Nourriture et vêtements

En matière de conservation, de préparation et d’habillement des aliments, les avancées dont nous aurons besoin sont :

  • La conservation des aliments, réalisée par :
    • Sécher les aliments au soleil ou les fumer.
    • Conserver les aliments en ajoutant du sucre de canne à sucre ou de betterave sucrière.
    • L’extraction du sel de l’eau de mer.
    • Le séchage et le salage des aliments pour leur conservation.
    • Production de vinaigre via l’extraction de l’acide acétique du bois par pyrolyse du bois (qui sera abordée plus loin) et décapage.
    • Lait caillé avec de la rénine (une enzyme présente dans l’estomac des veaux) produisant du caillé, qui est pressé en morceaux solides et laissé mûrir sous l’action de champignons qui confèrent les saveurs et les propriétés de divers fromages.
  • Cultures de céréales.
    • Moudre les grains de céréales en farine.
    • La farine permet de cuire du pain sans levain.
    • L’ajout de levure permet :
      • Fermentation et brassage de bière et de bière.
      • Et avec l’alambic et le sucre, il est possible de distiller des alcools de grains.
  • La chaleur et le froid contribuent également à la conservation des aliments.
    • La pasteurisation rend l’eau potable et inactive les microbes présents dans les aliments, empêchant ainsi leur détérioration.
    • Refroidir les aliments dans des grottes, des caves à racines et des pots Zeer (utilise la même physique que le stockage des aliments dans des pots en terre cuite imbriqués à l’intérieur d’un pot isolé que vous avez peut-être vu utilisé pour refroidir les aliments dans des projets de bricolage).
  • Vêtements
    • Une fois les stocks existants de cordages et de fils épuisés, les gens seraient réduits à tresser les cordages à la main. La broche accélérerait la filature des fibres végétales et animales en fils et en filés.
      • Le rouet rend le fil plus résistant et accélère le processus de filage.
    • Le tissage transformait le fil et le fil en tissu.
      • Le métier à tisser accélère le processus de tissage du tissu et produit un produit plus uniforme.

Substances

La combustion du bois produit de l’énergie thermique et de la lumière, répondant ainsi à deux de nos besoins les plus fondamentaux. Cela nous a également permis de débuter en cuisine, en chimie et en métallurgie.

  • L’énérgie thermique
    • C’est grâce au bois de chauffage que l’humanité a produit de l’énergie thermique pendant la majeure partie de son existence et ce serait le moyen le plus simple de la produire immédiatement après l’automne. Construire des poêles à bois et des tuyaux de poêle serait une grosse affaire en cas d’apocalypse.
    • Le charbon est peut-être le combustible fossile le plus facilement accessible et était utilisé dans les poêles et était utilisé pour alimenter les machines à vapeur. Le charbon produisait encore environ 20 % de l’énergie mondiale en 2020 et il y en a encore beaucoup dans le monde. En cas d’apocalypse, le charbon ferait un retour en force dans les zones disposant de gisements de charbon accessibles. Forgerons
    • La lampe à huile – Des lampes à huile, des torches et des bougies seront nécessaires pour fournir de la lumière jusqu’à ce qu’une alimentation électrique fiable soit rétablie.

Les références

Dartnell, L. (2014). La connaissance : comment reconstruire notre monde à partir de zéro. New York : La Presse Pingouin.

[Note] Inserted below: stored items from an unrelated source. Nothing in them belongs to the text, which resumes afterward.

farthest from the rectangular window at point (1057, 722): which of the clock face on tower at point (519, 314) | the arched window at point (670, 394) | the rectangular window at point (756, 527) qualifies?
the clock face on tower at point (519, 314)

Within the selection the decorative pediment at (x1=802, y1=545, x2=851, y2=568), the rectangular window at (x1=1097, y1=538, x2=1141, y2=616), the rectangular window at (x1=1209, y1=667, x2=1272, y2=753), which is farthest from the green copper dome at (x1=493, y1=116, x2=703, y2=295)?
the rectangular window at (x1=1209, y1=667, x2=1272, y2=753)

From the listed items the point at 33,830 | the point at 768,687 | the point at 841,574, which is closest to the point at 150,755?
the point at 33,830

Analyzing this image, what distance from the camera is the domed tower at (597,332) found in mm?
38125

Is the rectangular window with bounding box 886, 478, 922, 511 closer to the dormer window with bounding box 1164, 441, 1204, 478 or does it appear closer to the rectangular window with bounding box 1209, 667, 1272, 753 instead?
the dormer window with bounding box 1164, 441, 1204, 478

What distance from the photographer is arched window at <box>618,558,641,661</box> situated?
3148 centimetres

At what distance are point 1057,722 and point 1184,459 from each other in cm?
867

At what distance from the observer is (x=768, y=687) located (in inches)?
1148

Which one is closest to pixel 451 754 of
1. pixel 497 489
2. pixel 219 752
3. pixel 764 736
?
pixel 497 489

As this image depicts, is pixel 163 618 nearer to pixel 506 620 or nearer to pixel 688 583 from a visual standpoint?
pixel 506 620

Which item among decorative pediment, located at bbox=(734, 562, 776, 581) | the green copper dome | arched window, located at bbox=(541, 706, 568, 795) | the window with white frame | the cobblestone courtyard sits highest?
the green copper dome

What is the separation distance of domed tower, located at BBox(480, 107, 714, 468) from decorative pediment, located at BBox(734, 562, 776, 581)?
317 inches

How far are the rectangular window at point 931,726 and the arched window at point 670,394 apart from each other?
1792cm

Gray, R. (18 octobre 2016). Le savoir mondial est enfoui dans une mine de sel. Extrait de BBC.com : https://www.bbc.com/future/article/20161018-the-worlds-knowledge-is-being-buried-in-a-salt-mine

Stein, M. (2000). Quand la technologie échoue : un manuel pour l’autonomie, la durabilité et la survie à une longue urgence. White River Junction, Vermont : Chelsea Green Publishing.